An artist’s view of climate change

Submitted photo Artist Lois Haak shows off her climate change artworks on display at Southwest Minnesota Arts Council art gallery on North Third Street in Marshall.

ECHO — Lois Haak took her concerns about worldwide climate change potential and channeled them into a drawing that reflects the likely risks of not taking action to safeguard earth’s life-sustaining resources.

She created a depiction of the before-and-after process that’s projected by a large share of scientists if average temperatures continue to climb, sea levels keep rising and a greater number of weather extremes steadily unfold. The drawing was part of a 2019 exhibit at the Southwest Minnesota Arts Council art gallery on North Third Street in Marshall.

It was one of several artworks that sold while the exhibit was on display. It was purchased by Thomas Flynn of Marshall, a former classmate of Haak’s in the creative writing program at Southwest Minnesota State University.

Haak, who works at the ECHO Charter School in Echo, decided to visually portray the climate change issue because of experiences that date back to her childhood.

“I’ve always been someone who likes the outdoors,” Haak said. “I enjoy noticing details in a natural area, and how things can change from one day to the next.”

She’s applied that interest to a portion of her artistic efforts, first to creative writing and then to art. Both kinds of creative expression took on new dimensions while she studied at SMSU.

One of her art instructors, Robert Dorlac, convinced her that she could go far enough as a visual artist to have an entire art show of her own.

“I wasn’t sure how much I could achieve with art,” she said. “He thought I had potential and encouraged me because he noticed that I had ideas I wanted to express. He told me that’s the one thing he can’t teach art students.”

Haak’s recent exhibit at the SMAC gallery showed how she sometimes enjoys creating more than one variation on a subject through the use of different colors and shades. When combined with well-defined lines, pairs and trios of drawings offer more than one impression of a subject.

She chose to create several ballroom dance drawings because of her interest in the dancing of celebrity performers such as Fred Astaire.
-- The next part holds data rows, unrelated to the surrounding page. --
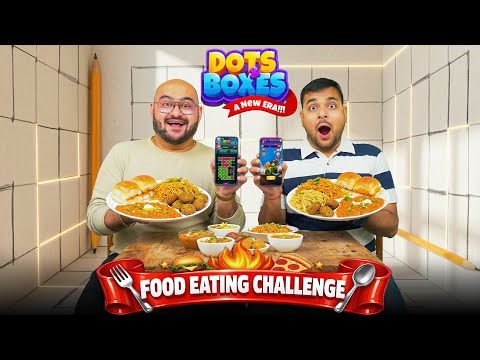 Doing Food Eating Challenge While Playing a Game | Dots And Boxes Food Challenge | Viwa Food World
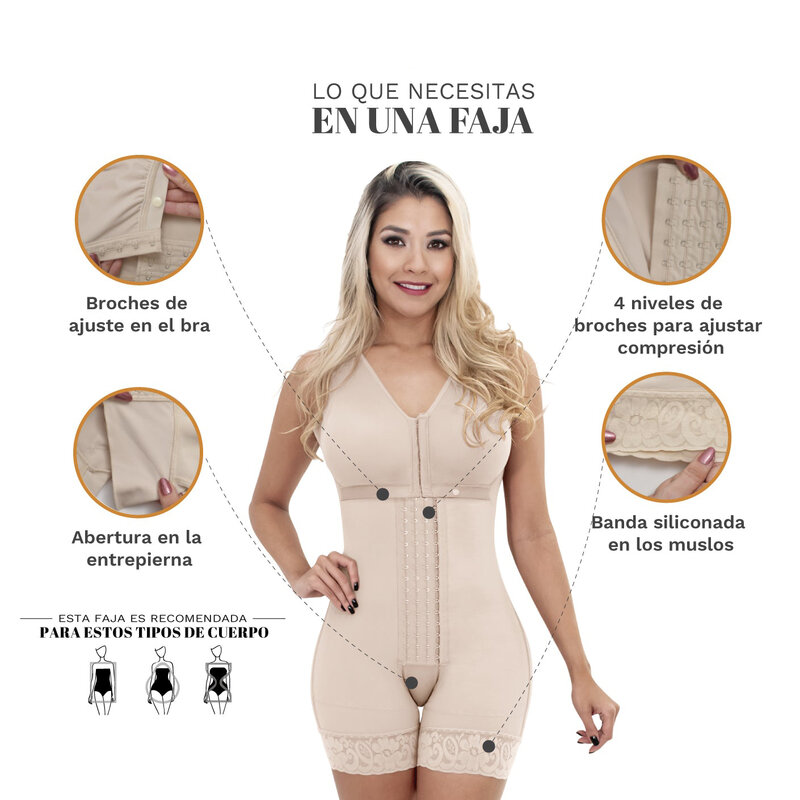 Fajas Colombianas 조정 가능한 전면 클로저 원피스 보정속옷 바디수트, 산후 슬리밍 바디 셰이퍼, 플랫 배 속옷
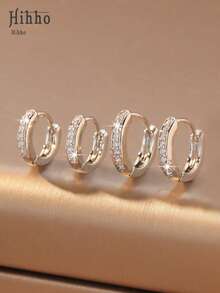 Hihho 2 Pairs Delicate Minimalist Cubic Zirconia Earrings Set, Understated Luxurious Jewelry Suitable For Daily Commute And Shopping, Can Be Worn Stacked Or Individually - Earrings Set - View 9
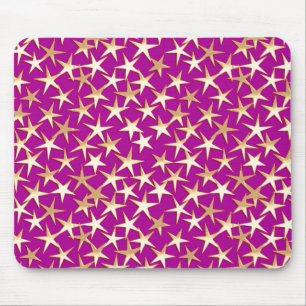 Goldene Sterne auf Amethyst lila Mousepad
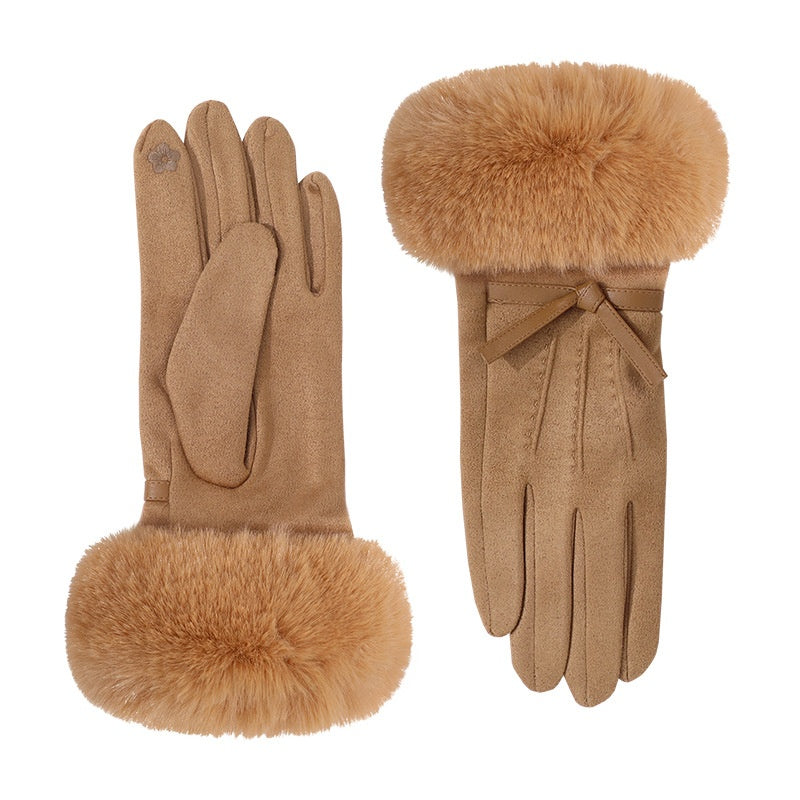 Vintage Autumn Suede Touch Screen Thicken Gloves 6W6GLO76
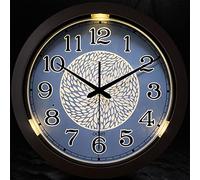 OCEST 13cm Luminous Wall Clock Grow in the Dark Silent Adjustable Brightness LED Wooden Large Display Battery Operated Clock for Bedroom Living Room Kids Room Bathroom Gift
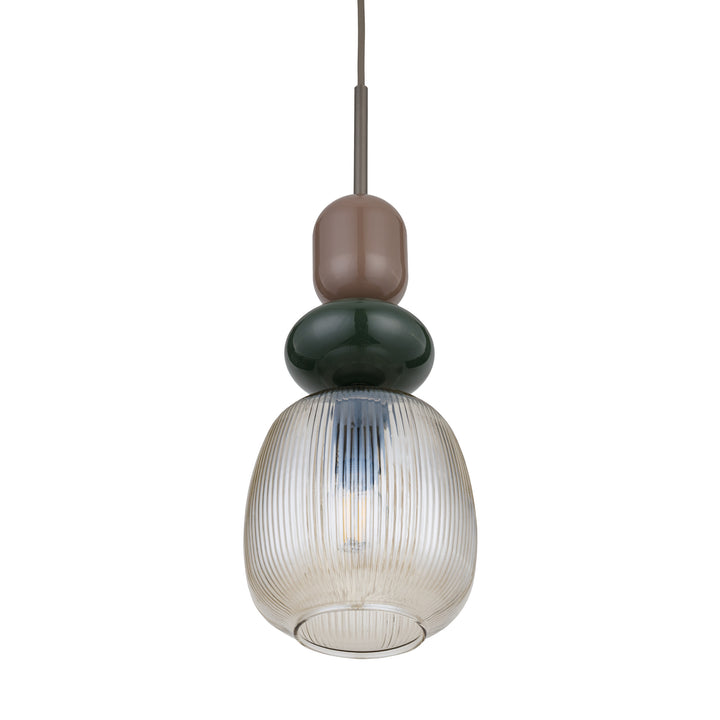Zen botti takpendel 1-lys-Takpendler-TK Lighting-Brun / Grønn / Konjakk farget-TK-11875-Lightup.no
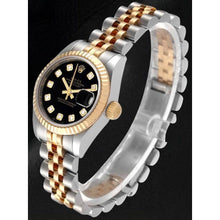 179173 Lady Rolex Datejust Black Diamond Dial Year 2012 Hidden Clasp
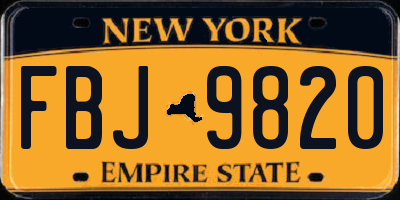 NY license plate FBJ9820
Another wall at the SMAC gallery included two side-by-side interpretations of a flower and butterfly, one of them vibrantly colorful and another that offered a softer combination.
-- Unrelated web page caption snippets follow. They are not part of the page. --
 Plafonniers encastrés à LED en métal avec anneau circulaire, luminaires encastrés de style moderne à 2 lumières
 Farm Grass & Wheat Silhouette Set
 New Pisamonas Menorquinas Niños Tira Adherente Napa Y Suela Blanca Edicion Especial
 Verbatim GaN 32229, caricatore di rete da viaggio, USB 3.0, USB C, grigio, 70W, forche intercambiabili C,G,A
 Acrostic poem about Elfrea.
Climate change was one example of an exhibit subject for which one drawing stood on its own. Haak’s interpretation showed a degeneration from a solid wall with a strong foundation to one that crumbled from powerful, unchecked forces.

“I’m deeply concerned about what might happen to our way of life if changes we’ve started to see keep happening,” Haak said. “Glaciers that were enormous when I saw them as a child are disappearing. Islands are being submerged by oceans and wildlife such as polar bears have no new habitat to replace the one they’re losing. It adds up to many changes in less than a century.”
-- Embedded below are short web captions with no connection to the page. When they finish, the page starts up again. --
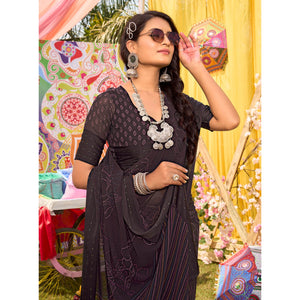 Coffee Brown Floral Printed Georgette Saree With Woven Border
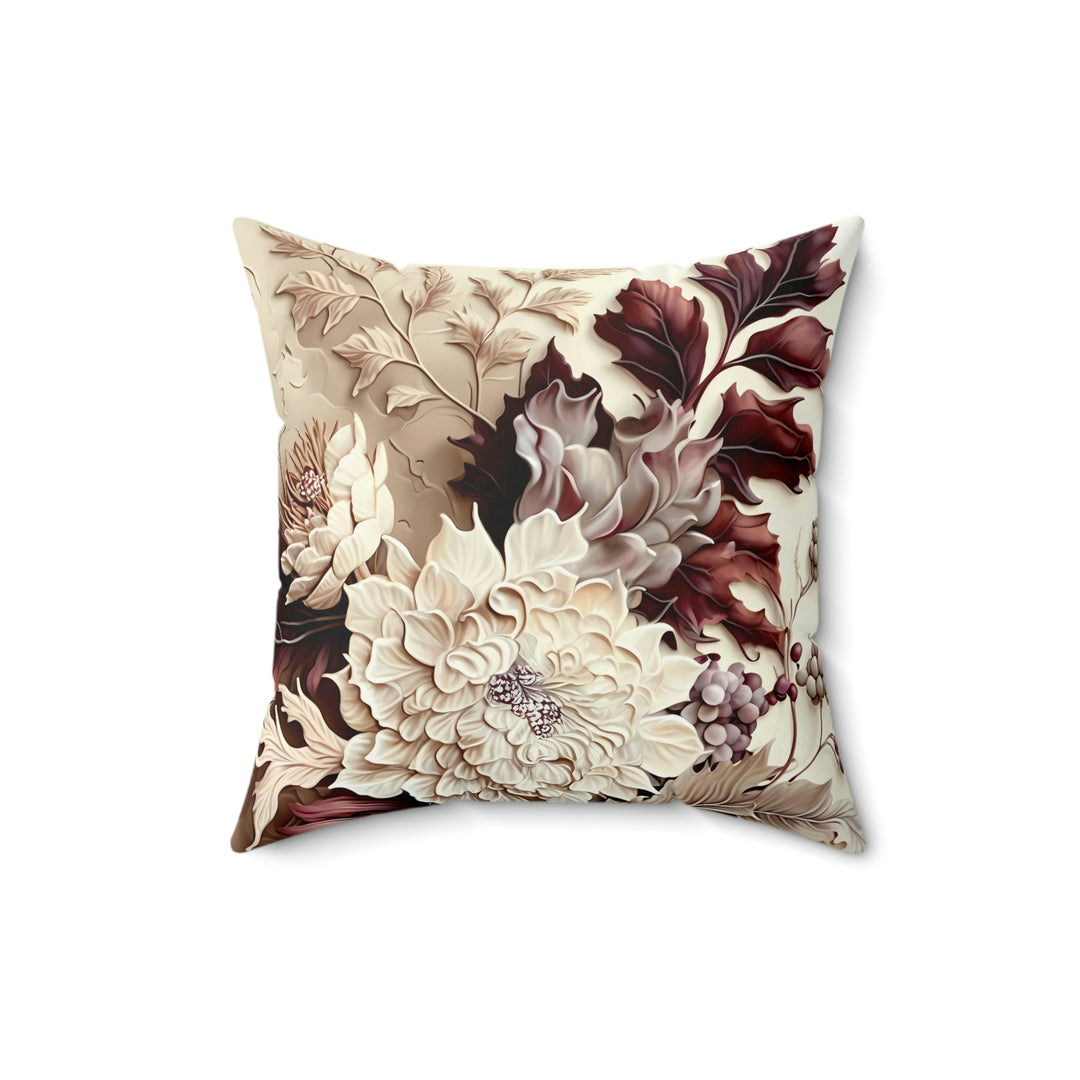 Rich Bold Ivory & Burgundy Flowers Square Pillow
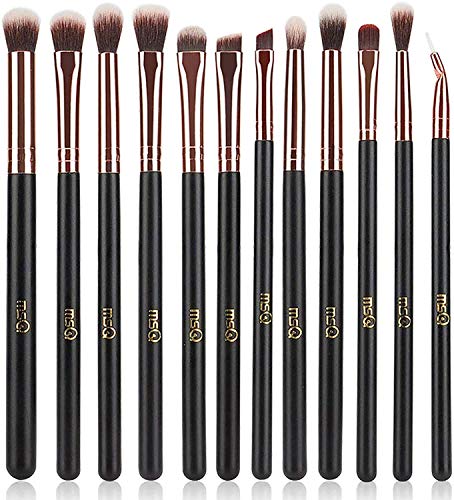 MSQ Eye Makeup Brushes 12pcs Rose Gold Eyeshadow Makeup Brushes Set with Soft Synthetic Hairs & Real Wood Handle for Eyeshadow, Eyebrow, Eyeliner, Blending(without bag)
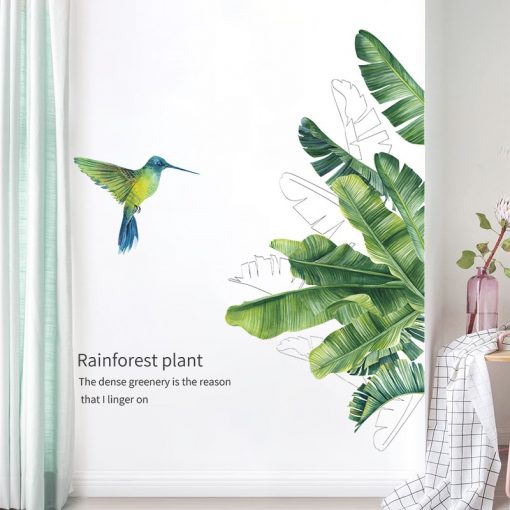 Removable Tropical Leaves Flowers Bird Wall Stickers Bedroom Living Room Decoration Mural Decals Plants Wall Paper 4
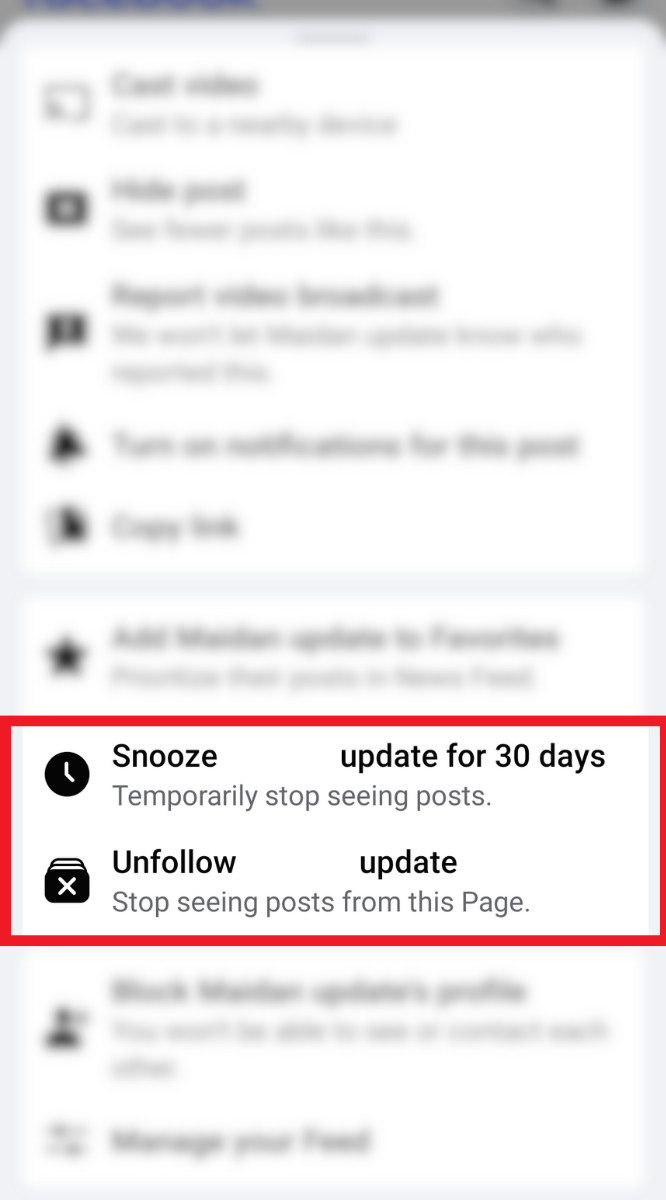 Facebook - How to mute - Snooze for 30 days or Unfollow - View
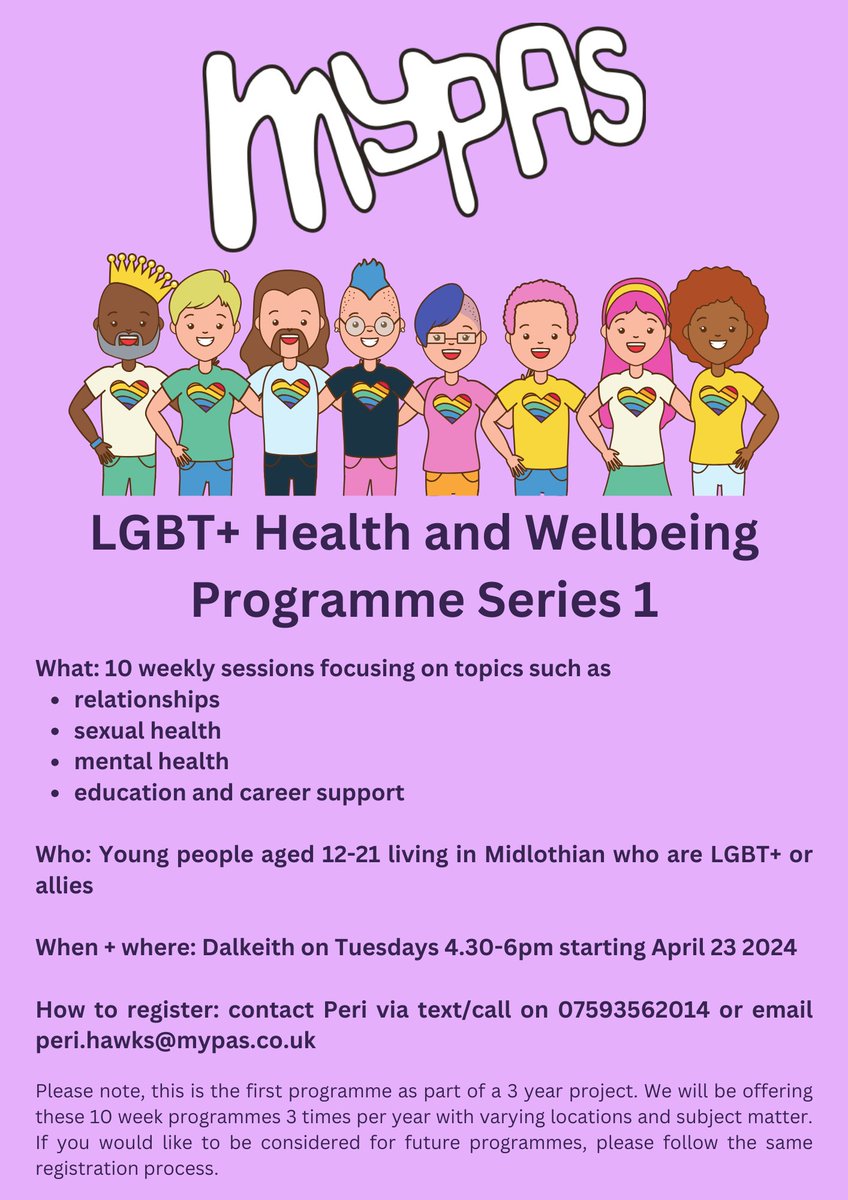 For young people living in Midlothian aged 12-21. MYPAS is delighted to announce a brand new service working with young LGBT+ people in their community. Please pass on to anyone you think would be interested or benefit from taking part. Registration details below.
She’s interested in how North America’s winter of 2018-19 will be interpreted by scientists, politicians, the national and world news media, and the general public.

“This kind of weather leads some people to feel thankful for predictions of warmer temperatures,” she said. “It’s important to go beyond that. The overall projections aren’t favorable.”

She noted that even modest temperature increases would be likely to disrupt fragile ecosystems like coral reefs, shallow marshes and coastal lowlands. At the same time, both the natural balance and human enterprises could be endangered by more frequent weather disasters.

Haak’s way of incorporating all of those concerns into a single drawing caught the attention of Flynn, who went on from SMSU to pursue a master of fine arts degree with an emphasis on creative writing by using 21st century online learning opportunities.

He said he plans to find a highly visible place in his home to put the drawing on display.

“I like how she based it on the concept of a wall,” Flynn said. “Many times all people can do is react to a situation after it happens. The stakes are high with climate change, so it’s better to think ahead as much as possible.”

He said artists are in a good position to show perspectives on many political, social, and environmental issues likely to affect the quality of life for future generations. Those perspectives could emerge with any art medium, including visual art, writing, music, theater or dance.

“Artists should speak out on issues when they feel compelled,” Flynn said. “They can offer perspectives that sometimes catch a person’s attention more than facts and statistics.”

SMAC Director Nicole DeBoer said Haak’s exhibit is one out of many that feature emerging regional artists. By having a gallery space, SMAC can give many of its grant recipients a chance to publicly display the results of artistic efforts supported in part by grant dollars.

“Some of them have their first exhibit in our gallery,” DeBoer said. “An important part of SMAC’s mission is to promote emerging artists and to show the depth of talent that we have within the region.”